By Jim Tracy
If you’ve ever had to travel to get access to the internet – whether to a library or a restaurant in a nearby town, or any other community resource that has that critical connection to the world of information – you understand the excitement we have here in Tennessee as the first state to announce a project funded through USDA’s
ReConnect rural broadband infrastructure program.
I was proud to be able to join our Secretary of Agriculture, Sonny Perdue, here in western Tennessee as he announced the
award to Forked Deer Electric Cooperative. The project is going to have a powerful impact throughout Crockett, Dyer, and Lauderdale counties as the residents, farmers, and business owners will no longer have to drive in towards Memphis to get anything better than dial-up speeds. That’s going to have a positive cascading effect on our agricultural sectors, small business and commerce, as well as education and health care, public safety – all of these different aspects of rural life that will be impacted by this investment.
Take Hurt Seed Company in Halls, Tennessee for example. Secretary Perdue and I visited Ray Hurt’s facility and got to talk with him about his day-to-day operations and how he felt this investment would change his business model. Ray’s one that only has access to a dial-up connection right now, and this broadband access will not only allow him to access information and customers better – it opens up his seeds to a global marketplace, and I’ll be the first to say our Tennessee products can compete with anyone, anywhere.
ReConnect is a key component to improving our rural economy not just here in Tennessee, but across our nation.

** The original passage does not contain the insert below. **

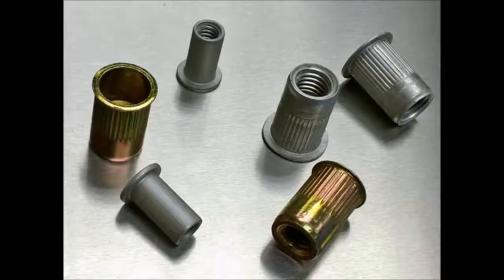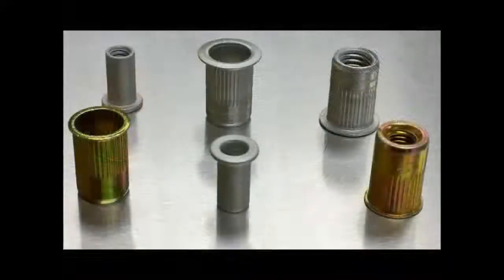Rivnuts are similar to potted inserts in installation but are more cost-effective and do not require adhesive. A special tool is used to insert the nut and mushroom the end within the panel to secure it. These inserts are useful for non-structural applications where strength requirements are lower, however rivnuts are still strong enough for the majority of customer applications.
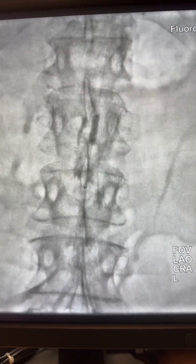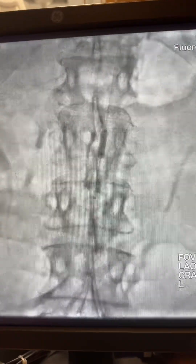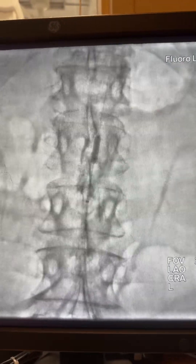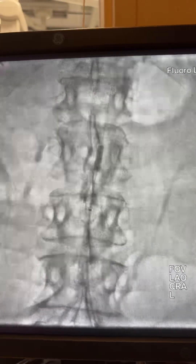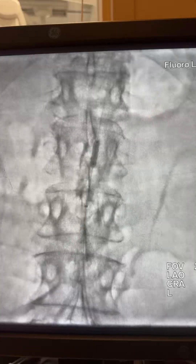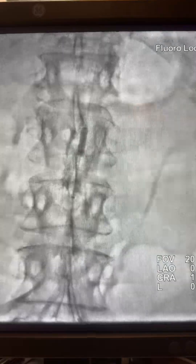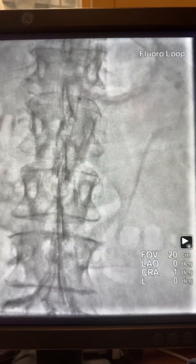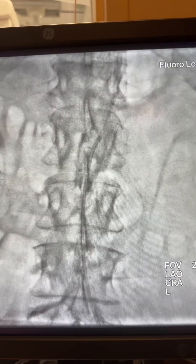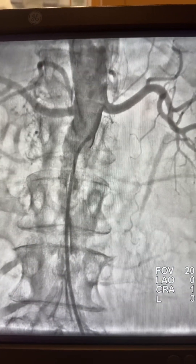Following that, I performed shock wave lithotripsy using the same 5.0 lithotripsy balloon in the aorta. Again, this is 6 French, so that's the maximum I can do for this sheath — multiple shocks and inflations obtained. The guideliner and guide catheter were advanced and here is the angiogram beyond the lesion.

This is critical investment that will provide opportunity for rural communities like we have here in western Tennessee to thrive; and when rural America thrives, all America thrives.
Pugh Farms is a cotton producer in Halls, Tennessee. It is estimated that the investment in rural broadband infrastructure will benefit precision agriculture by not only opening up these producers to instantaneous geolocation and soil/crop health data, but also opening them to the global marketplace. This could have an impact of up to $65 billion nationwide in economic growth in the agricultural sector.